(CNSNews.com) – Ahead of a fiercely-contested referendum Sunday on constitutional changes that would give him greater powers, President Recep Tayyip Erdogan called on Turks Thursday to give a clear response to his critics in the West by voting “yes.”
Depicting himself as a victim of Western media and governments, he asked supporters at a rally in northern Turkey, “Don’t we need to give a [fitting] answer to them from Turkey?”
“With God’s permission, on Sunday night, Europe will hear our voice,” the Hurriyet daily quoted Erdogan as saying. “They will hear it all right. Then, they will say that Turkey is not a country to mess with.”
Turkey’s Islamist leader has tousled with several European governments over their reluctance to allow his surrogates, including cabinet ministers, to campaign for a “yes” vote among ethnic Turks in their countries.
His allegations of Nazi-like behavior have drawn sharp criticism, particularly from Germany, which is home to some three million ethnic Turks.
At another rally later Thursday in the same part of the country, Erdogan expanded on his rift with European governments, accusing them of closing their doors to his ministers but opening them to members of terrorist groups that Turks is fighting against.
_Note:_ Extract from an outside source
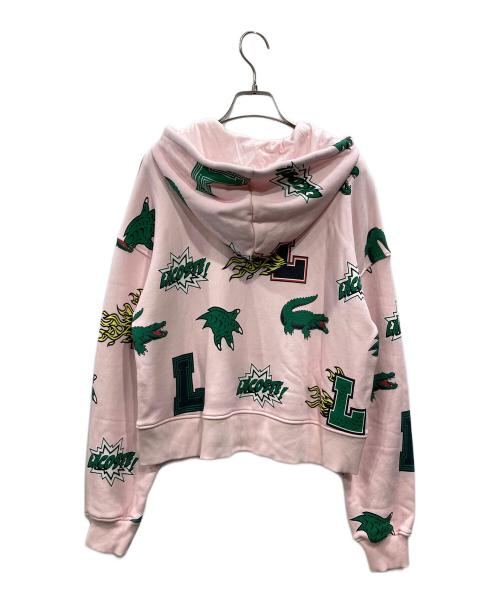 LACOSTE（ラコステ）LACOSTE (ラコステ) オールオーバーシーズナルグラフィックプリントフードスウェット ピンク サイズ:34の古着・服飾アイテム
He depicted Europe as anti-Islam, and predicted that five million Turks who have settled there will “shape the future of Europe.”
(In similar vein last month, Erdogan encouraged Turks living in Europe to “have five children, not three,” describing them as continent’s “future.”)
On Sunday, Turks will vote for or against an 18-article constitutional reform proposal that would move the country from a parliamentary system to an executive presidential one – a prospect that alarms critics, given Erdogan’s already increasingly autocratic behavior.
If the referendum passes, Erdogan could remain in power until 2029 – an effective tenure of 26 years, given that he was prime minister from 2003-2014 before being elected to what used to be a largely ceremonial presidency.
Opinion polling has produced varying results, with both “yes” and “no” ahead at various times but in most cases with neither enjoying a substantial lead. The most recent rolling average of Turkish polls, compiled by a British-Turkish journalist known as “James in Turkey,” puts the “yes” camp slightly ahead, by 50.6 points to 49.4.
Voting by eligible Turks living outside the country ended on April 9, and electoral authorities announced Thursday that of 2.9 million registered Turks abroad, some 1.3 million had cast votes at 120 diplomatic missions in 57 countries. Those votes will be counted on Sunday.
The “yes” campaign, which has enjoyed exceptional media coverage, is backed by Erdogan’s ruling Justice and Development Party and the opposition Nationalist Movement Party (MHP).
The “no” camp includes the main opposition Republican People's Party (CHP) and the pro-Kurdish Peoples’ Democratic Party (HDP).
(The HDP has been the target of a government crackdown and its leaders are behind bars. The party, the fourth largest in parliament after 2015 elections, denies Erdogan’s allegations of links to the outlawed Kurdistan Workers Party or PKK, a U.S.-designated foreign terrorist organization.)
Erdogan has portrayed his critics, including those in the West, and the “no” camp as sympathizers of or collaborators with the PKK and the U.S.-based Turkish cleric Fethullah Gulen, whom he calls a terrorist, accuses of masterminding a failed coup attempt last summer, and wants extradited from the U.S.
He told supporters at one of Thursday’s rallies that a “yes” vote would enable Turkey to fight terrorist groups and their sponsors “in a more determined manner.”
“We have commenced a grand struggle in order to scrape the terrorist organizations off. In our struggle against [Gulen’s movement], the PKK, and DHKP-C [a Marxist group that claimed responsibility for a bombing at the entrance to the U.S. Embassy in Ankara in 2013], we have not showed mercy to anyone; we will not do that,” he said.
“We have neutralized around 11,000 terrorists. We will break their backs,” Erdogan continued. “We buried them and continue to do so. We buried them into the ditches they dug in the southeast,” he added, referring to the part of Turkey where most Kurds live.
Since last July’s coup bid, Erdogan’s government has imposed a state of emergency, shut down more than 200 media outlets, about 1,000 schools and 15 universities, and dismissed more than 130,000 civil servants including teachers, U.N. rights experts reported Thursday.
At a recent House Foreign Affairs subcommittee hearing, Rep. Dana Rohrabacher (R-Calif.) said voters taking part in Turkey’s referendum would be deciding whether they want a radical, Islamic and “terrorist-oriented government” or whether they want their country to remain a friend of the United States.
The hearing heard strong criticism of Erdogan from witnesses, and warnings that a “yes” vote could usher in a system “with few checks and balances” and a weakening of judicial independence.
State Department spokesman Mark Toner said Thursday the administration was following developments relating to the Turkish referendum very closely and “hope[s] that it’s carried out in such a way that guarantees and strengthens democracy in Turkey.”